Comecei no kickboxing aos 19 anos e ganhei as minhas dez primeiras lutas. Fui convidado para lutar boxe no Uruguai, e foi lá que me apaixonei de vez pelo esporte. Depois disso, comecei a ir três vezes por semana para Sapiranga em busca de treinos mais fortes. Naquela época, lá por 1999, não consegui patrocínio, então competia por Sapiranga mesmo, com ajuda em inscrição, transporte, suplemento e alimentação.
E como surgiu o teu trabalho como professor?
Em 2005 comecei a dar aula na Paim, aqui em São Leopoldo, num projeto social. Eram 54 crianças e adolescentes. Alguns começaram a se destacar e, em pouco tempo, tínhamos a equipe mais forte do Rio Grande do Sul. Dos oito melhores atletas do estado, oito eram meus alunos.
De onde veio a ideia de criar o projeto social de boxe?
Surgiu naturalmente. Eu já tinha uma academia no centro e trabalhava na Taurus, numa metalúrgica em São Leopoldo. Metade do meu salário ia para manter a academia. Muitas crianças não tinham condições de pagar, então comecei a dar aulas gratuitas. Eu substituí um professor uma vez e nunca mais parei. Sempre achei que o esporte pode mudar vidas, e vi isso acontecer.
Teve algum aluno que marcou a tua trajetória?
Sim, o Rafael Kaiser. Ele foi para três mundiais, na China, Rússia e Itália. Colecionou títulos: bicampeão mundial WAKO, bicampeão panamericano, bicampeão sul-americano, tricampeão da Copa Brasil, tricampeão brasileiro e pentacampeão gaúcho de boxe e kickboxing. Hoje ele mora em São Paulo, é casado e é secretário de Esporte em Itanhaém.
Quem procura o boxe hoje?
Tem de tudo. Muita gente chega por causa da depressão, buscando qualidade de vida ou até por estética. É um esporte que exige foco e disciplina, e isso ajuda demais. As crianças aprendem brincando, as mulheres geralmente fazem os movimentos com mais perfeição e os homens, às vezes, têm dificuldade de lidar com os golpes ou com a técnica, mas todo mundo aprende com o tempo.

Como o esporte transformou a tua vida pessoal e profissional?
O boxe me ensinou a ter disciplina e paciência. Antes eu trabalhava o dia todo na metalúrgica, mas era no treino que eu me encontrava. O esporte me deu propósito e me mostrou que eu podia mudar a realidade de outras pessoas também. Hoje, quando vejo meus alunos conquistando espaço, sinto que todo esforço valeu a pena.

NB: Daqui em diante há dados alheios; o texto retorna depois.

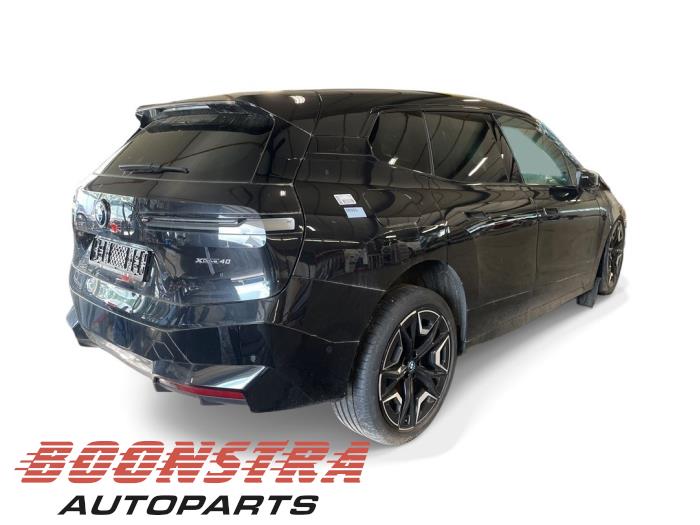 BMW iX xDrive40 77 kWh Sloopvoertuig (2022, Zwart)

Quais são os principais desafios para manter o projeto hoje?
O custo dos materiais. Luvas, protetor bucal e ataduras são caros. Muitos alunos vêm de famílias com poucos recursos, então a gente tenta ajudar como pode. Felizmente, conseguimos apoio da Prefeitura de Rio Grande, que nos doou luvas, tatames e outros materiais. Recebemos o apoio do governo atual para reformar toda a quadra do Parque do Trabalhador, onde treinamos.
Qual é a importância do apoio público e da comunidade para manter um projeto como o teu?
É fundamental. Sem o apoio da prefeitura e das pessoas que acreditam no nosso trabalho, o projeto não existiria. A gente precisa de incentivo, principalmente para as crianças e adolescentes que estão em situação de vulnerabilidade. O esporte é uma ferramenta de transformação, mas sem estrutura, fica difícil chegar longe.
O que mais te motiva a continuar mesmo com tantas dificuldades?
Ver a evolução dos alunos. Quando uma criança que chegou tímida, sem confiança, começa a sorrir e acreditar nela mesma, isso não tem preço. O boxe é muito mais do que um esporte — é uma escola de vida. Enquanto eu tiver saúde, vou continuar ensinando e aprendendo com eles.
Como você enxerga o projeto daqui a cinco anos?
Quero manter o espaço, ter mais apoio com materiais e, quem sabe, conseguir um ringue de novo. Quando eu tinha a academia, vendi o ringue para a Prefeitura de Esteio por 18 mil reais para conseguir mantê-la aberta. Hoje, a gente não tem tudo, mas tem o mais importante: o material humano. É isso que faz tudo valer a pena.